Gerrymander, March 26
The word gerrymander (originally written Gerry-mander) was used for the first time in the Boston Gazette on March 26, 1812. The word was created in reaction to a redrawing of Massachusetts state senate election districts under the then-governor Elbridge Gerry. In 1812, Governor Gerry signed a bill that redistricted Massachusetts to benefit his Democratic-Republican Party. When mapped, one of the contorted districts in the Boston area was said to resemble the shape of a salamander. The term was a portmanteau of the governor’s last name and the word salamander.
Appearing with the term, and helping to spread and sustain its popularity, was a political cartoon depicting a strange animal with claws, wings and a dragon-like head satirizing the map of the odd-shaped district.

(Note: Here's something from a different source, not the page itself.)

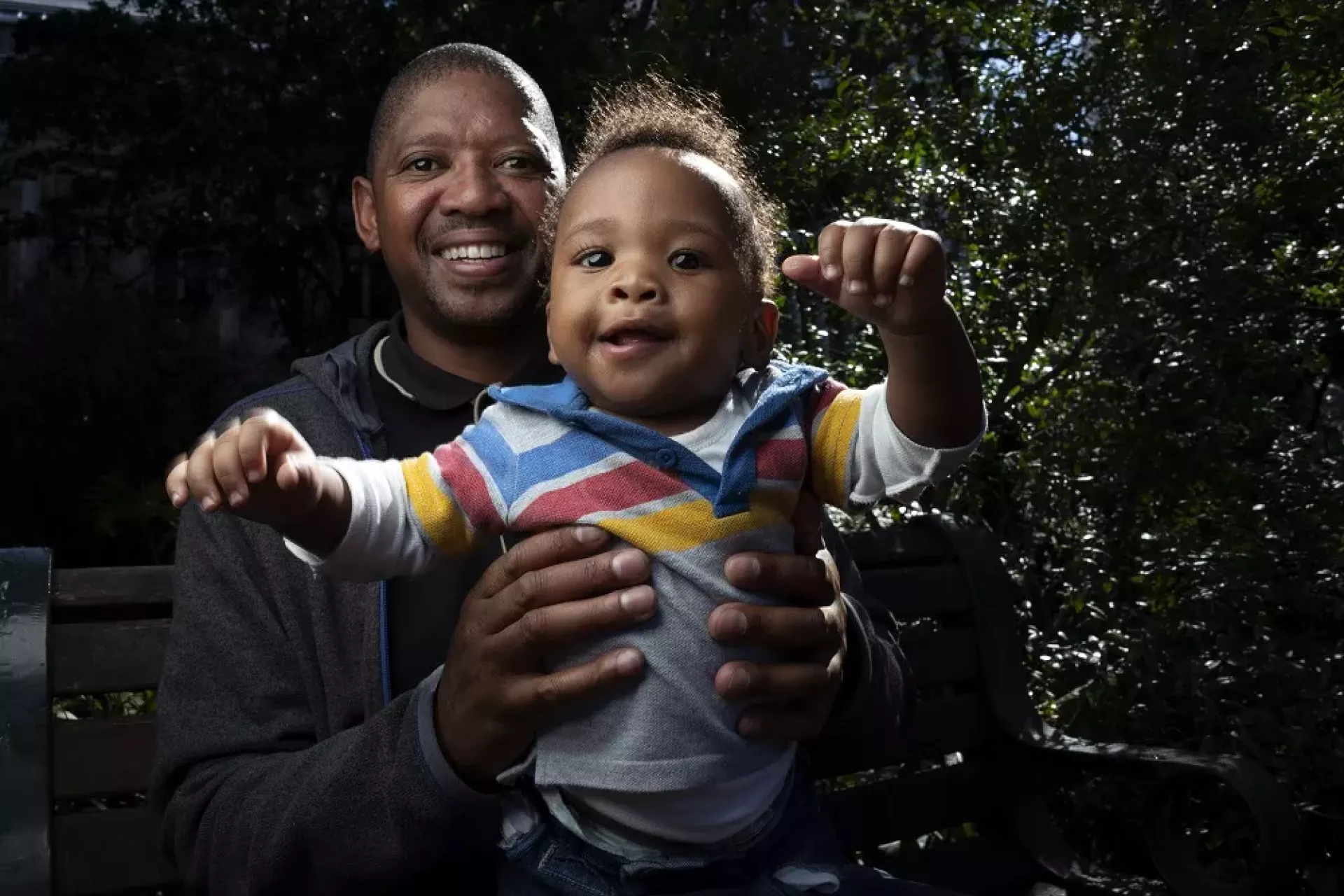 A father holding his child.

On March 25, 1774, the British Parliament passed the Boston Port Act, closing the port of Boston and demanding that the city’s residents pay for the tea dumped into Boston Harbor during the Boston Tea Party of December 16, 1773. The cost of the tea was equivalent to $1 million in today’s currency. The Boston Port Act was the first and easiest to enforce of four acts that together were known as the Coercive Acts. The other three were a new Quartering Act, the Administration of Justice Act and the Massachusetts Government Act.
On March 25, 1955, U.S. Customs seized 520 copies of Allen Ginsberg’s book Howl, which had been printed in England. Officials alleged that the book was obscene. The poem created an earthquake in the literary world and still stands as an icon of the ’50s and ’60s counter-culture.

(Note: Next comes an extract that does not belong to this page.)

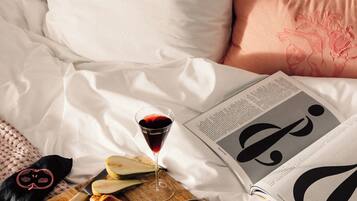 A neatly made bed with white linens, a magazine, a tray with croissants, apples, and a glass of red wine.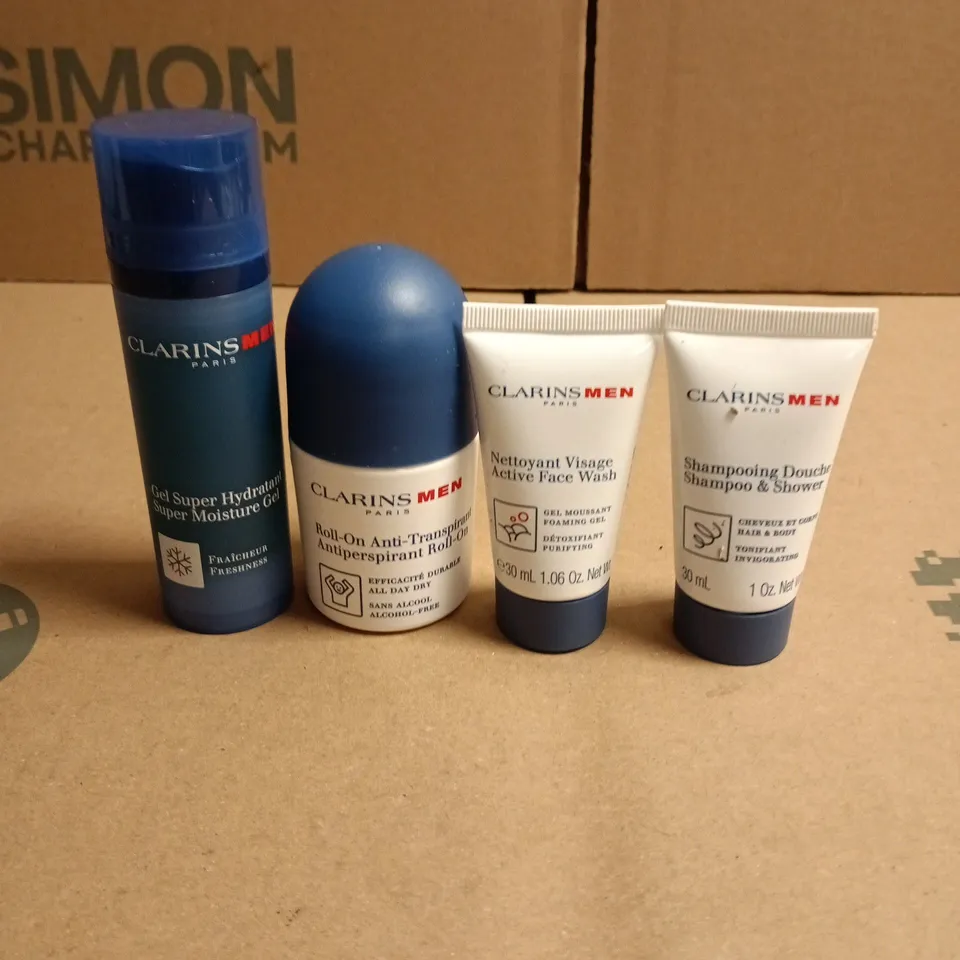 LOT OF 4 CLARINS PARIS MEN BATH AND BODY PRODUCTS TO INCLUDE ROLL ON DEODORANT, SUPER MOISTURE GEL AND FACE WASH - TRIAL SIZES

On March 25, 1967, the Reverend Martin Luther King, Jr., led a march of 5,000 antiwar demonstrators in Chicago. In an address to the demonstrators, King declared that the Vietnam War was “a blasphemy against all that America stands for.”
Heilbroner mar 24
American Federalist politician, diplomat, and Constitutional delegate Rufus King was born on March 24, 1755.
American economist Robert Heilbroner was born on this date in 1919. Heilbroner was a career-long socialist who, after the fall of the Soviet Union, admitted that “Mises was right” about the unworkability of socialism.
Poet Lawrence Ferlinghetti was also born on the same day as Heilbroner.
NEP, March 21
On March 21, 1921, the Soviet Union’s Bolshevik Party implemented the New Economic Policy (NEP) in response to the economic failure of War Communism.
Economist Ludwig von Mises and many other observers would go on to note that this slight liberalization of socialist policy — the re-introduction of money, for example — was a frank admission of the inability of bureaucrats and politicians to run an industrial economy from a central board. That is, in a socialist commonwealth, it is impossible to calculate and plan for the needs of society.
Vladimir Lenin called the NEP “state capitalism.”
Uncle Tom’s Cabin, March 20
Harriet Beecher Stowe’s novel “Uncle Tom’s Cabin” was published on March 20, 1952. Exactly two years later the Republican Party was organized in Ripon, Wisconsin.
Congress on Time
On March 19, 1918, the U.S. Congress established time zones and approved daylight saving time. Arguably the first is a classic example of beneficial legislation under the Constitution, and the second a classic over-step.
Two years later the U.S. Senate rejected, for the second time, the Treaty of Versailles.
March 19, 1979, was the first day the United States House of Representatives began broadcasting its day-to-day business via the cable television network C-SPAN.
This day marks the 423rd anniversary of the birth of William Bradford, English settler in the New World, politician, and chronicler of his people’s struggles.